Un perdant magnifique
Pour évoquer l’indigence et le dénuement, il suffit de quelques mots, de silence entre les lignes et de scènes qu’on imagine appartenir à un film de Ken Loach ou des frères Dardenne. Florence Seyvos traite le déclassement sans misérabilisme ni sensationnalisme.
Et puis, disons-le franchement, dans ce monde gouverné par l’ostentation et l’indécence, c’est presque salutaire de compatir aux galères d’un type qui n’a d’autre but que de tenir debout, de subvenir aux besoins de sa famille, avec maladresse et dignité, avec cet espoir toujours vivace qui nous rapproche de notre humanité.
On a tous connu un Jacques, un rêveur, un irresponsable, un homme incapable de laisser l’argent gouverner sa vie tout en sachant qu’un jour ou l’autre, il faudra lui faire allégeance.

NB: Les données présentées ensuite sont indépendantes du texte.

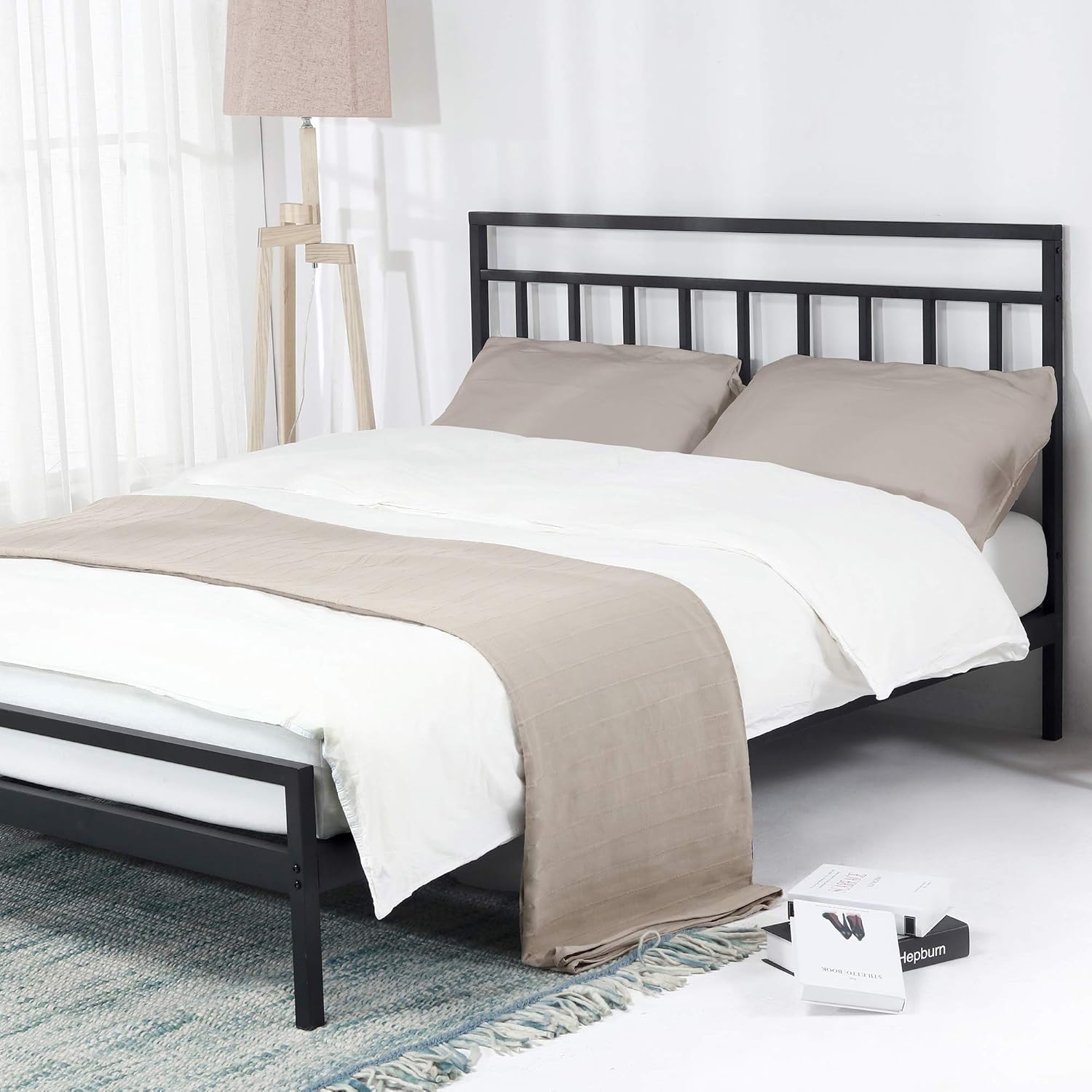 Best 39 Inch High Headboard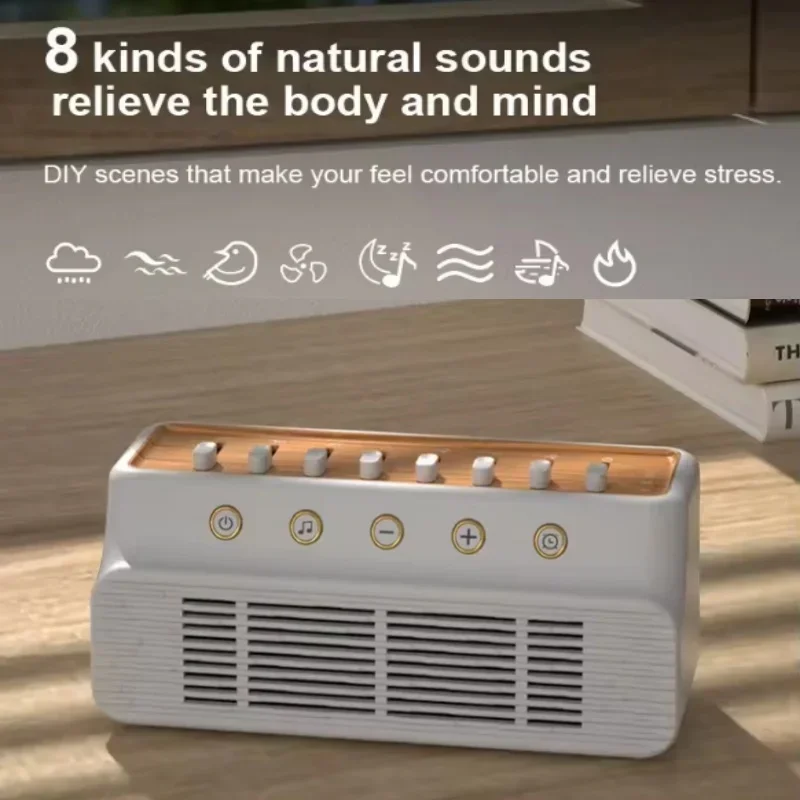 Wireless Bluetooth Speaker Noi - Home Improvement Music avaliação e preço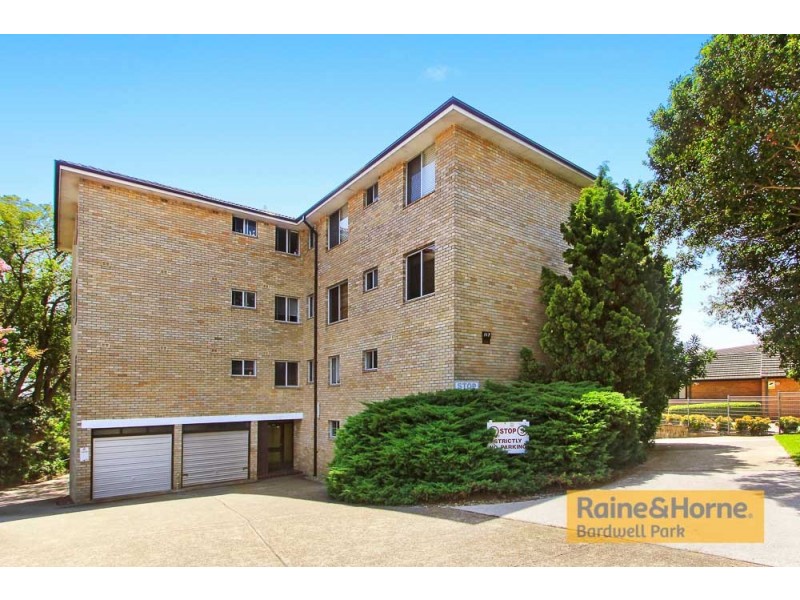 1/117-119 Homer Street, Earlwood NSW 2206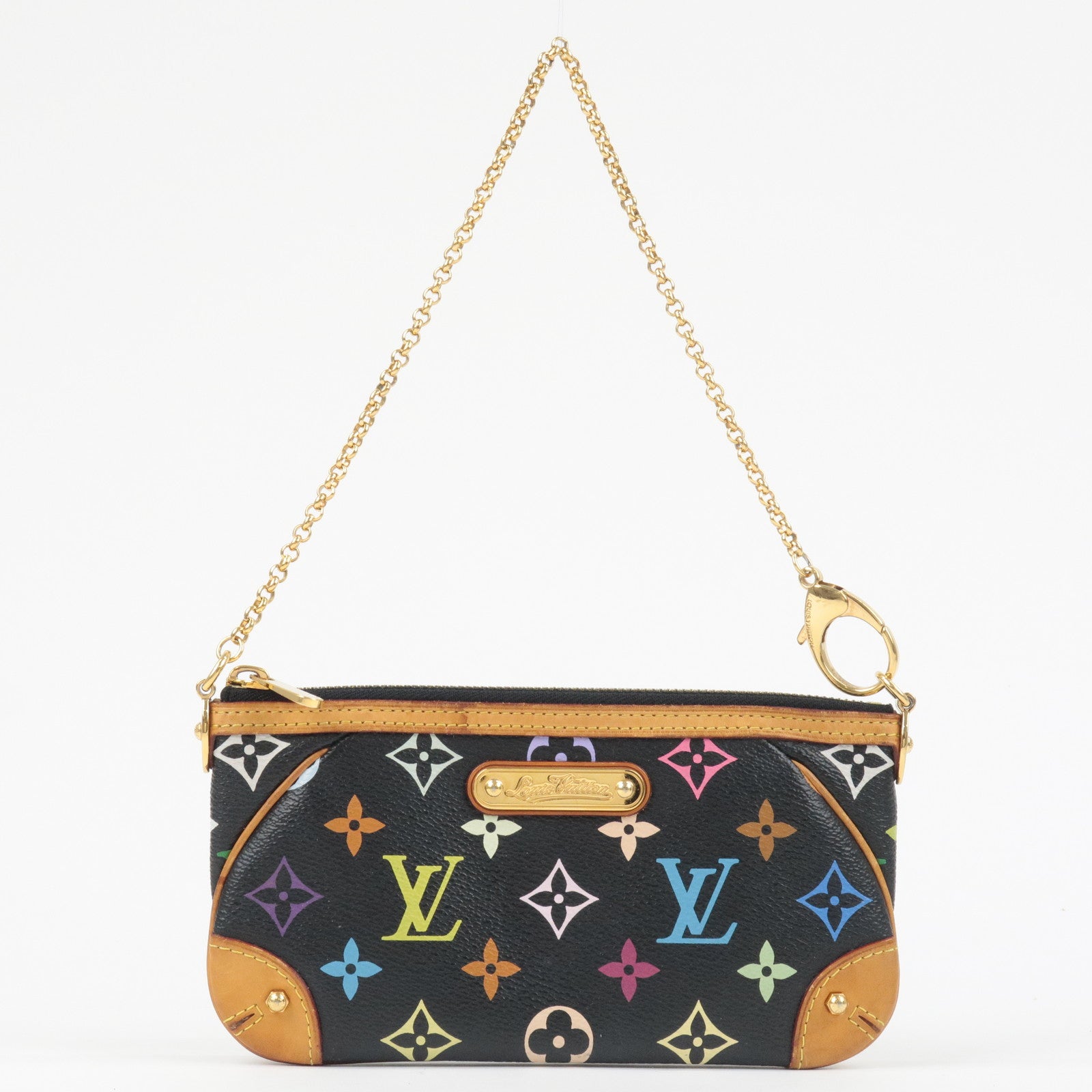 Milla - M60097 – Louis Vuitton 2015 pre - Vuitton - Color - Multi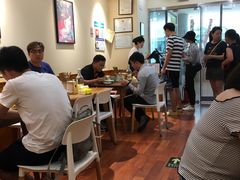 -醉面(五道口启迪大厦店)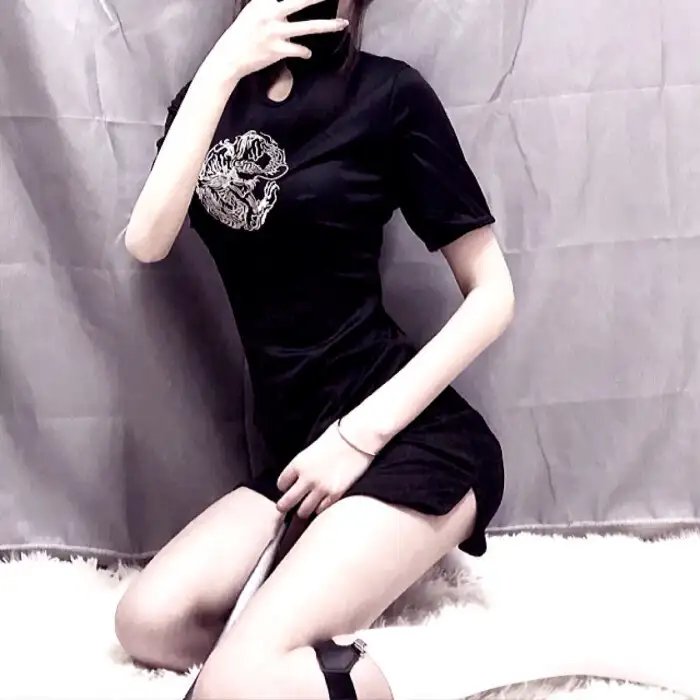 狼嚎再起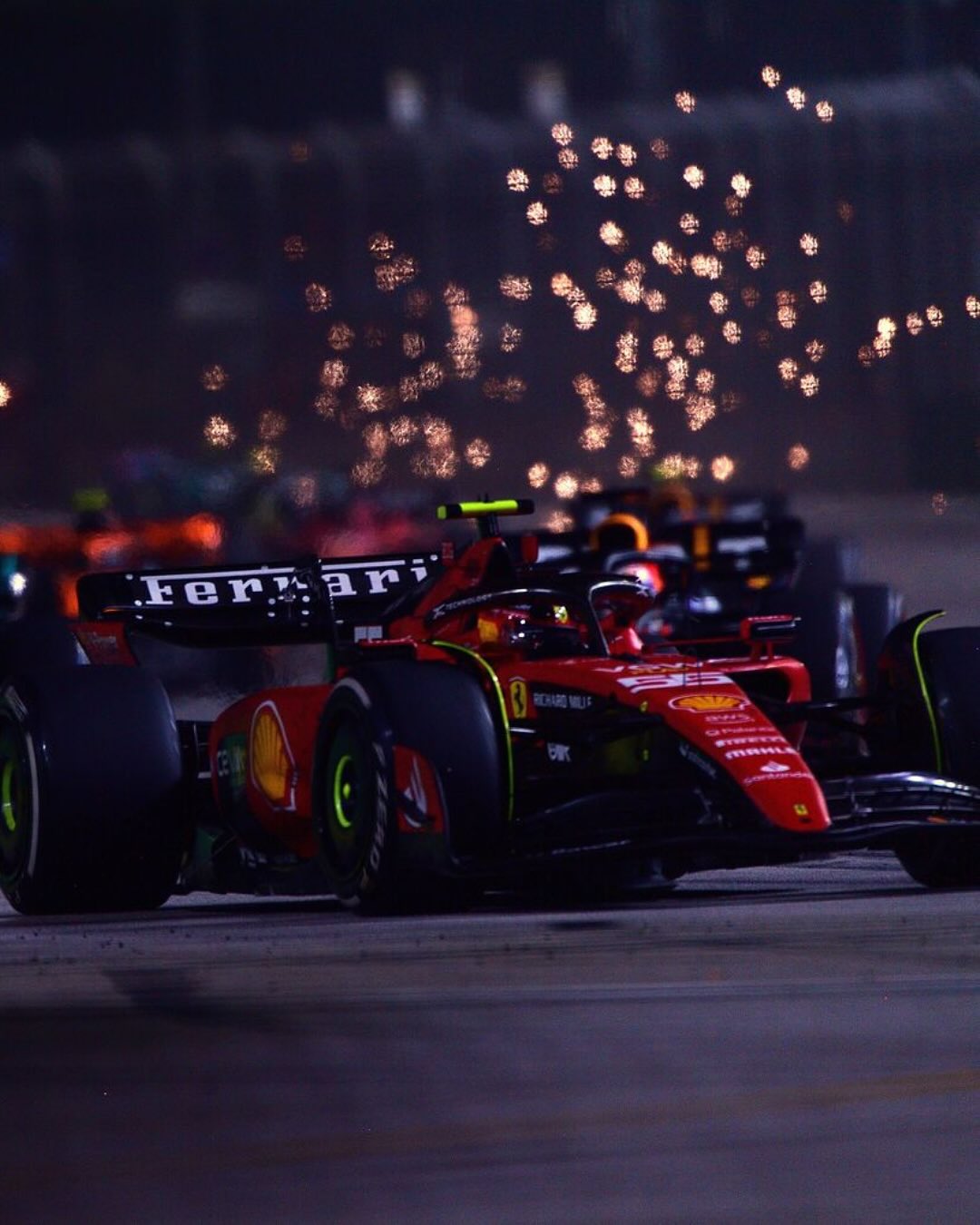 2025年F1シンガポールグランプリ、ワグでチケット販売開始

En attendant, Jaques fait des folies, joue la flamboyance en hypothéquant la patience de ses proches. Il achète un piano pour écouter sa belle-fille y jouer du Satie (p29, 35). Il dégotte un fax dernier cri pour que sa famille lui écrive des lettres en temps réel (p110). Jacques est de ces hommes qui ne se résolvent pas à la déchéance et préfèrent agoniser seuls plutôt que de ternir leur aura.
Un peu facile. Jacques vit trop loin des siens pour empêcher les huissiers de fouiller chaque pièce de leur maison (remarquables pages 96-100) ou consoler sa femme après que le bijoutier lui a révélé la valeur réelle de cette bague dont la vente aurait dû effacer leurs dettes (p108).
On a toutes les raisons d’en vouloir à Jacques. On a aussi toutes les raisons de lui pardonner. Et moi, je pense que la vraie beauté naît de la fragilité et de l’imperfection.